Mainly taking the week off from the newsletter this week (for positive reasons - some family celebrations); things will return to normal next week. But there were some things I wanted to share with you.
First, on the discussion from last week of planning for hybrid distributed/local work, we heard from long-time reader Adam DeConinck about what he's learned:
I’m fortunate at the moment, because my current team was fully remote before the pandemic started. That said, here are a few thoughts based on some of my recent experience.
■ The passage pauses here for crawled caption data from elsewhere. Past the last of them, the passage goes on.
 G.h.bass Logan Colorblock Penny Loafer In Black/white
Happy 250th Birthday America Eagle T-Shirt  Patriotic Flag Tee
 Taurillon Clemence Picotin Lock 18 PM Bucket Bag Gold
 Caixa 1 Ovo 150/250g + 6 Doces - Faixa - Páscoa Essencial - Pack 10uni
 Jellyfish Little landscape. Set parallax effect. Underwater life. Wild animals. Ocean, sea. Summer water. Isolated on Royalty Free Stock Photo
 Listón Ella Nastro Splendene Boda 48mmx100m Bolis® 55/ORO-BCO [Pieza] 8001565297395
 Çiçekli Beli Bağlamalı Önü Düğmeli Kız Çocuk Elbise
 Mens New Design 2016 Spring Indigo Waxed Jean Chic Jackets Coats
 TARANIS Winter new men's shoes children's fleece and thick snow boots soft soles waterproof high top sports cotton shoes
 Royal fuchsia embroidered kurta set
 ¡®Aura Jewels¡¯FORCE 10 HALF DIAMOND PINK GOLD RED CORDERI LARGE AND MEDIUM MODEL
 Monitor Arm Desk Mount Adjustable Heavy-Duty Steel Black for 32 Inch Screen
Several of my past roles have already been “hybrid”, where either some employees were remote vs some not; or where employees were split across many offices in multiple time zones, which often led to similar communication challenges.
The general philosophy that has seemed to work has been to split “location” by team. I.e., everyone on a team should either be remote, or should be co-located in the same office. This basically works to allow each team to find their rhythm.
In the cases where teams have been split across different work “locations”, I’ve mostly seen the effective formation of “sub-teams”. E.g., while the [city X] and [city Y] offices may in theory both have members on the same team, they tend to split responsibilities to minimize overlap. Or, if there’s a core group in the office but a few remote folks, the remote team members form their own “team” where they mostly collaborate with each other.
Based on this experience, I suspect organizations which are large enough to have a lot of teams will go through substantial re-orgs over the next year!
Granted, this is a lot harder for orgs where there are fewer teams, or where they’re smaller or harder to split. In those cases, unless everyone can make it back into the office, I think the only thing that works is to go the “remote first” model: everyone works as if they were remote, joining video calls individually and putting most communication in text. And then in-office interaction is purely social.